This thread has been locked.
If you have a related question, please click the "Ask a related question" button in the top right corner. The newly created question will be automatically linked to this question.
I am using an TMS320F2837xS cpu (C28x DSP core + FPU + CLA). I am trying to test floats for nan using isnan(). The macro implementation for this in math.h (compiler version 6.2.5 and 6.4.9) is defined as: isnan(x) ((x) != (x)). This is technically correct for nan's but it fails the test in the compiled code. I have looked at the assembly code that this produces and the code executes a CMPF32. In the instruction set manual (sprueo2b.pdf) the description for this instruction states that "NaN will be treated as infinity". If I change my code to test the float using isinf() then the test is true for a nan, but the definition for isinf() in math.h is comparing the float against +-INFINITY and INFINITY and NaN definitions differ in a binary sense. Is this the expected behavior? If this is the case why is the definition in math.h invalid?
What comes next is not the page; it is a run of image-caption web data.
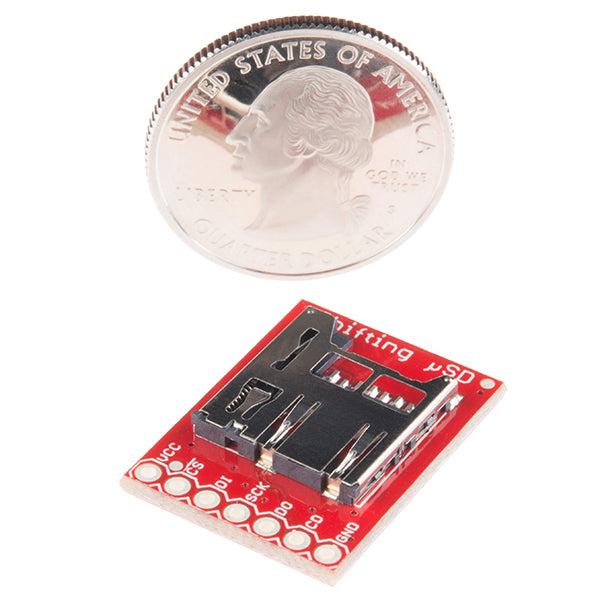SparkFun Level Shifting microSD Breakout [DEV-13743] - (AD15665)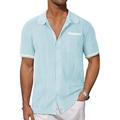 Homme polo en maille Casual Col V Manche Courte Mode Muscle Couleur unie / unie Poche Toutes les Saisons Noir Blanche Vert Claire Rose Claire Bleu Ciel Abricot polo en maille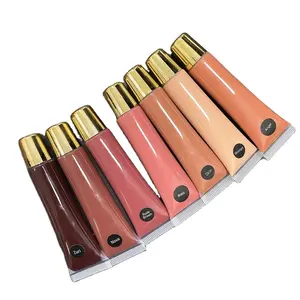 New Đến Hot Bán OEM Tùy Chỉnh Mỹ Phẩm Nhãn Hiệu Riêng Trang Điểm Water Proof Glitter Lỏng Son Môi Rõ Ràng Lipgloss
So currently, the implementation of isinf() returns true for a NaN (because the FPU HW is treating NaN as +Inf in the CMPF32 instruction). Is it reasonable to assume this will remain true with the current HW and future compiler implementations? ie is a suitable workaround (albeit confusing)?
So a macro defined as:
#define ISNAN(x) (isinf(x) || isnan(x))
would return true for the state of the compiler/HW now and in the future where either the compiler or the HW change to properly handle NaN. This assumes that isinf() does not change independently of isnan().